« V ince Salvini, vedrai se sbaglio».

«Oh certo! Vince Salvini».

«Non hai ancora capito? Vince Salvini».

La sentiamo così spesso, questa roba, che ormai più che una previsione pare un nome: Vince Salvini. Tipo Vince Tempera, che scrisse la sigla di Anna dai capelli rossi (poi ammise di essersi inconsciamente ispirato al tema di Bandiera rossa, e chi non ci crede controlli su YouTube).
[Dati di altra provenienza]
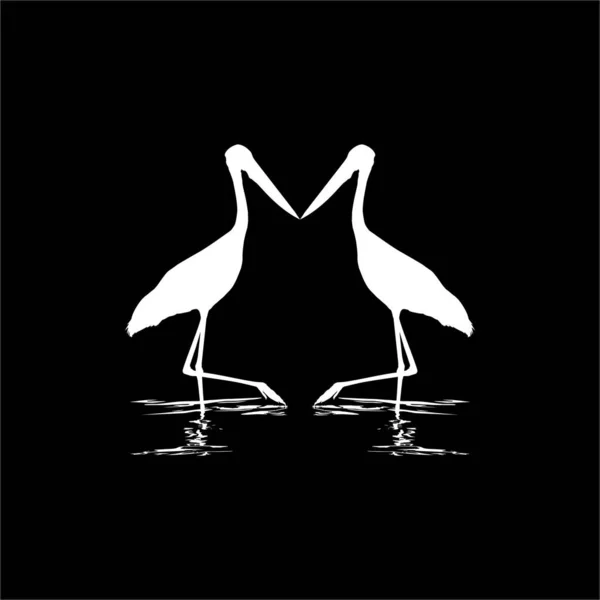 Pair Stork Water Bird Ciconiidae 실루엣 사기적 — 스톡 벡터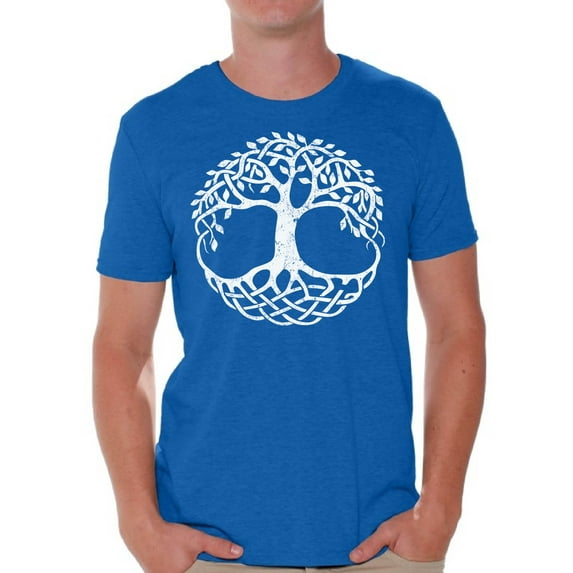 Awkward Styles Tree of Life T Shirt for Men Christian Mens Shirts Christian Clothes for Men Religious Shirt Christian Birthday Gifts Jesus Shirts Coffee Clothing Tree of Life Patterned Mens Shirt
Vince Salvini ormai vive di vita propria e sembra solo un lontano cugino di Matteo Salvini, quello che taceva in Consiglio dei ministri mentre passava il fondo salva-stati. Invece Vince Salvini, ora che il fondo va firmato, urla al tradimento, protesta e la mette giù dura. D'altronde Vince Salvini è uno tosto, che in campagna elettorale prometteva 600mila rimpatri di immigrati irregolari. Invece Matteo Salvini quando stava al Viminale (o comunque ogni tanto ci passava) si è fermato a 6mila.

Per dire.

E pensare che un gioco di specchi così piacerebbe molto agli elettori di sinistra, dolcemente complicati e naturalmente portati alla scissione.

Soltanto che, mannaggia, Vince Zingaretti non esiste. E invece coso, Nicola, lui è quello che boh chissà.

(Forse alle prossime conviene candidare Vince Tempera. Magari ci ammolla anche una sigletta che funziona, hai visto mai).